Stick to math that works
Saturday, October 25, 2003
By Raj Marasini
I agree with Avelina (Belen) Lichtenegger's reaction regarding the newer new math at Jackson schools. I read with great interest Callie Clark's Oct. 17 article that outlines an alternative way of multiplying.
It confuses me why a school system would spend a lot of money to implement a program that seems experimental. At first glance, I would say Jackson schools should have looked into this program closer before setting aside a hefty budget.
This lengthy and confusing method of multiplying whole numbers is just one part of the program that evidently the children should not spend time trying to learn. In fact, one of the students interviewed feels that this method is confusing. Not only this, the practice of jumping from one subject to another unrelated subject and then going back does not guarantee mastery of what the students have to learn.
The concept of place value and distributive property can be explained and mastered with shorter and clearer methods.
As to the "mental" math issue, we are going to end up with students who are not able to do simple computations without calculators. Mental math is not going to be there if one has to rely on the calculator for even the simplest computations.
I was educated overseas. Like several leading or even Third World countries, there is no powerful and influential organization like the National Council of Teachers of Mathematics. I was told all math teaching in this country is heavily influenced by the standards set forth by the NCTM. It is this organization which recommends that calculators be used as early as kindergarten.
According to Oct. 17 article, instead of learning just one way to add, subtract, divide and multiply, students learn several methods in the hopes of increasing comprehension. Believe me. Stick to the old way, the one that works, It is simpler, shorter and easy to understand. To me the newer new math looks like it would be confusing to an elementary student.
Nick Rangel, one of the students quoted, said he likes the old way for the reason that this new one takes longer. He added, however, that he feels math is "funner" this year with all the games they play. It looks to me as if this program is one of those concerned that students should have more fun. The concerns of educators and parents should be that schools should be using the best program for their children so that they can better prepare them for the job market where they have to compete not only here, but also abroad.
Educators abroad don't worry about any experimental math. They use the old way. Students learn the already proven theories and use them to learn and invent newer ones that are useful in the scientific community.

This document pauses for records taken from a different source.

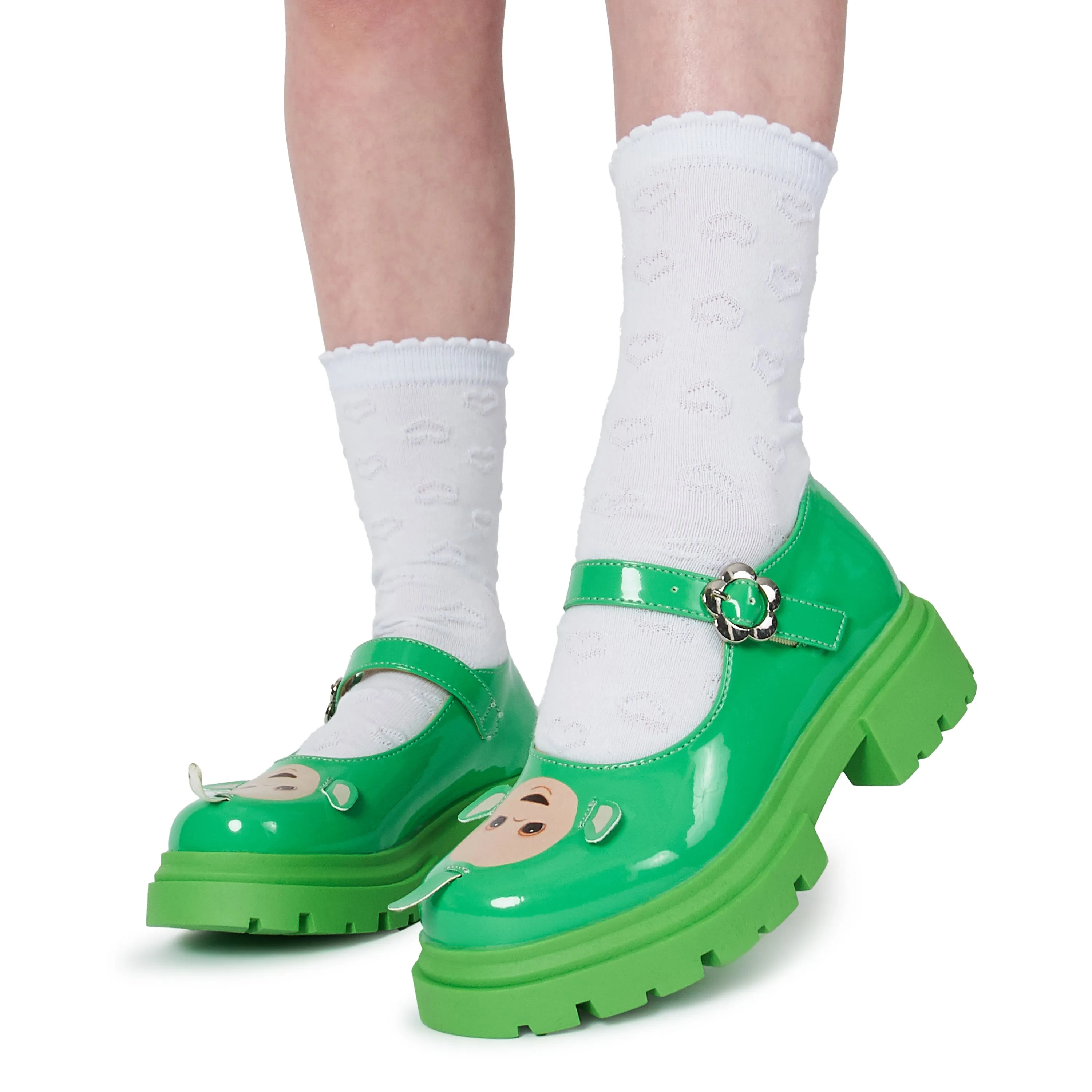 Dipsy Teletubbies Kidz Mary Janes - Green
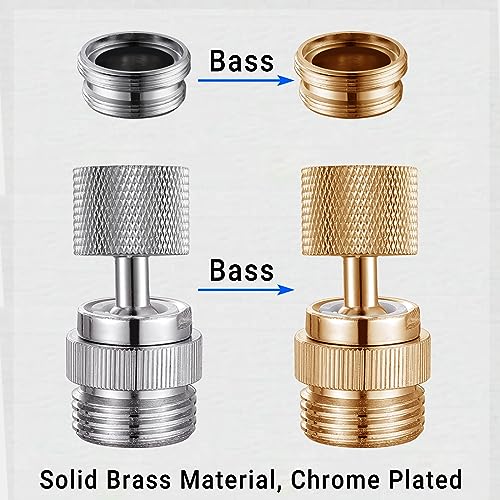 320° Swivel Garden Hose Adapter, Faucet to Hose Adapter with Aerator, Male to Female Sink Adapter for Bathroom, Kitchen, Garden - 3/4" Thread (Chrome) | Faucet to Hose Adapter, Male to Female Sink Adapter for Bathroom, Kitchen, Garden - color: Faucet Hose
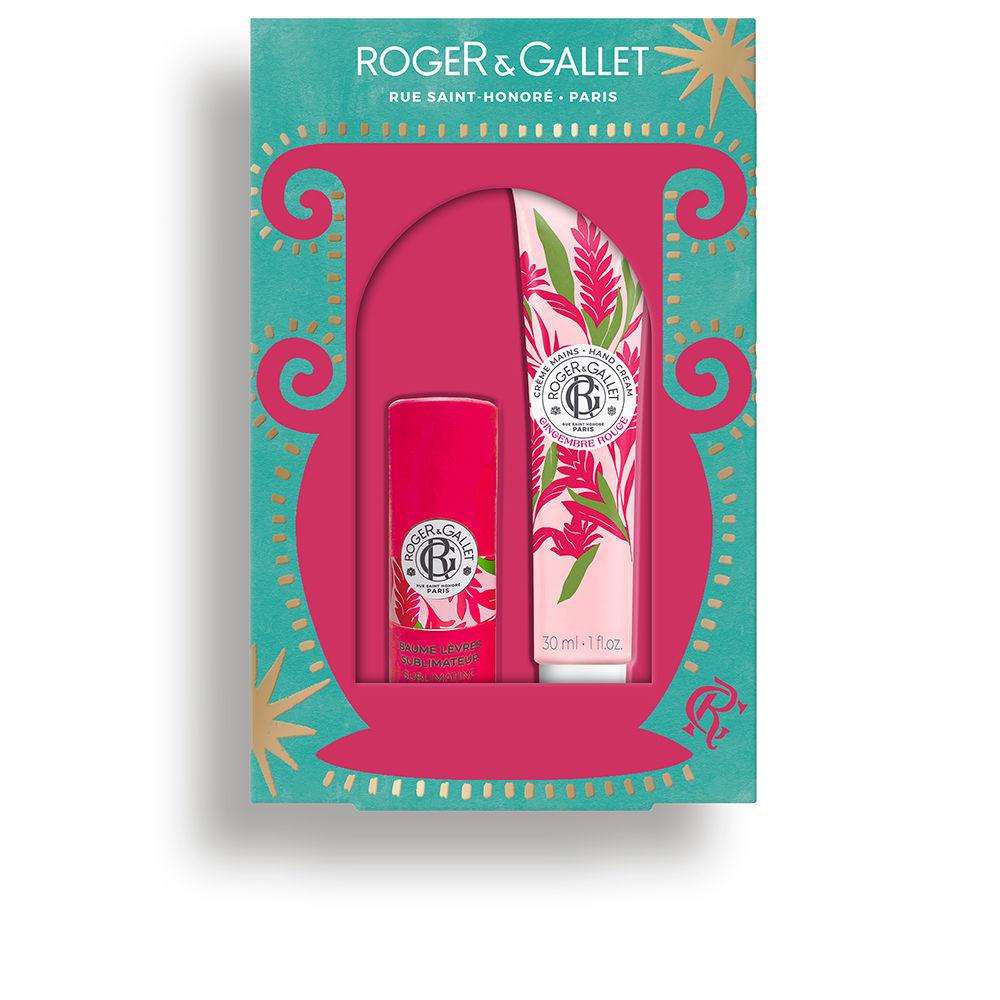 Roger & Gallet Gingembre Rouge Set Balsamo Labbra E Crema Mani Labbra Morbide Deliziose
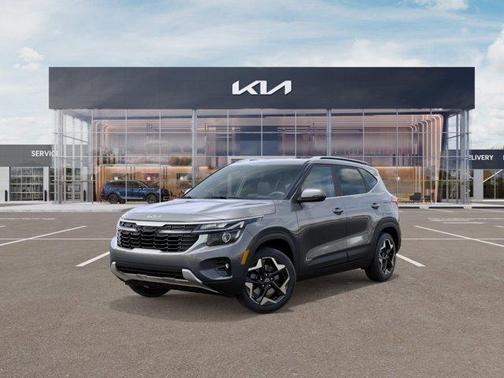 Steel Gray 2026 Kia Seltos EX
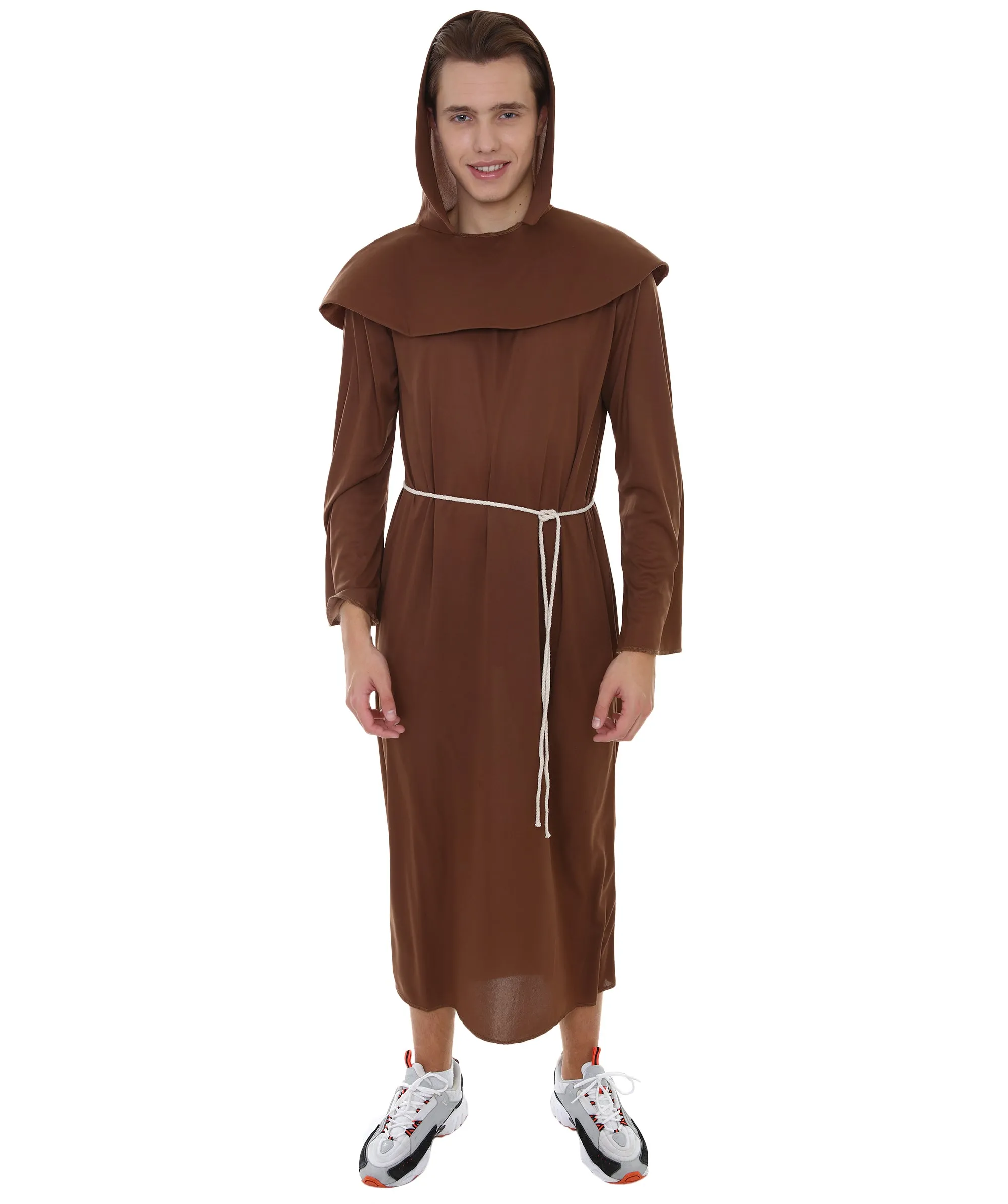 Adult Men's Monk Religious Costume | Brown Cosplay Costume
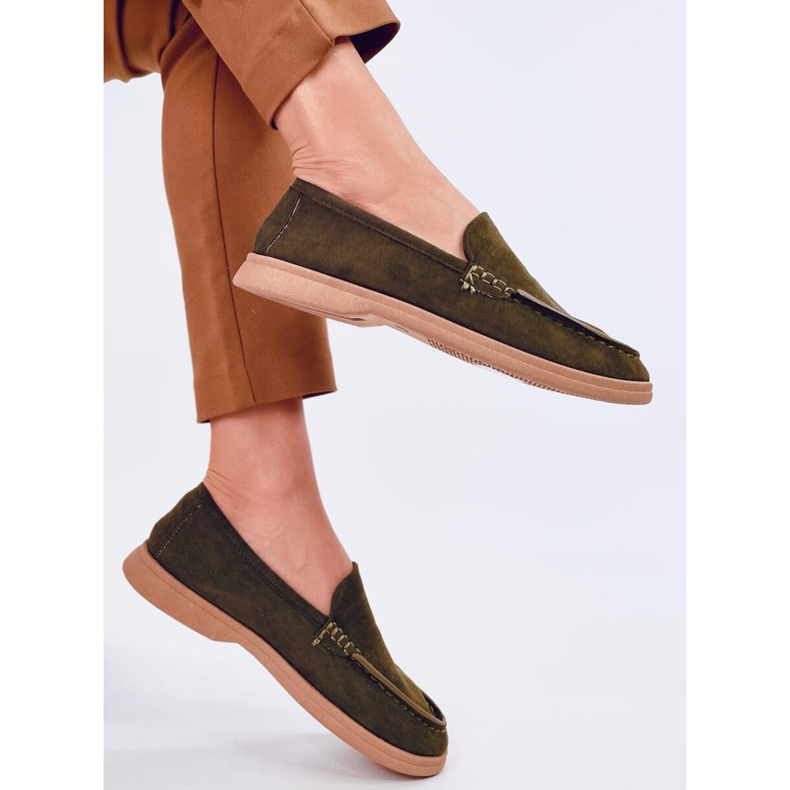 Weiche Damenmokassins von Justt Green grün 2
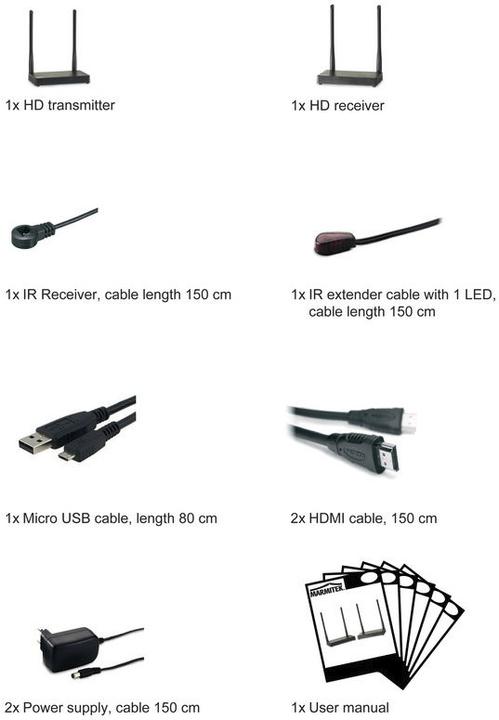 Immagine prodotto Marmitek TV Anywhere Wireless HD (50 m, HDCP)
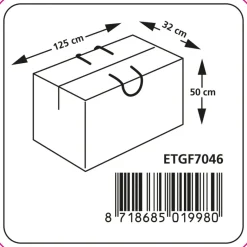Eurotrail Cantonic 125x50 Grey kussenhoes
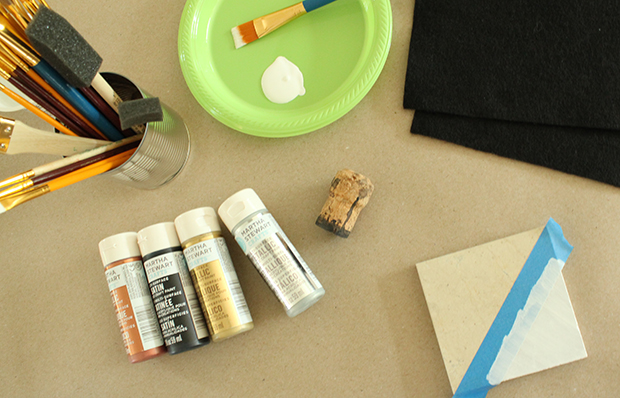 DIY Painted Stone Coasters - Raised by Design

The result of this newer new math is taking a toll on freshman students in college. At Southeast Missouri State University, there is a great percentage of students taking at least one level of remedial math classes. These students should have learned their basics back in high school.
Teachers and administrators should balance the curriculum to use only the new concepts and methods that have been proven to work and make use of the old method that has been proven to have worked.
As Lichtenegger says, "The old way is still effective"
Raj Marasini of Cape Girardeau is a Southeast Missouri State University graduate.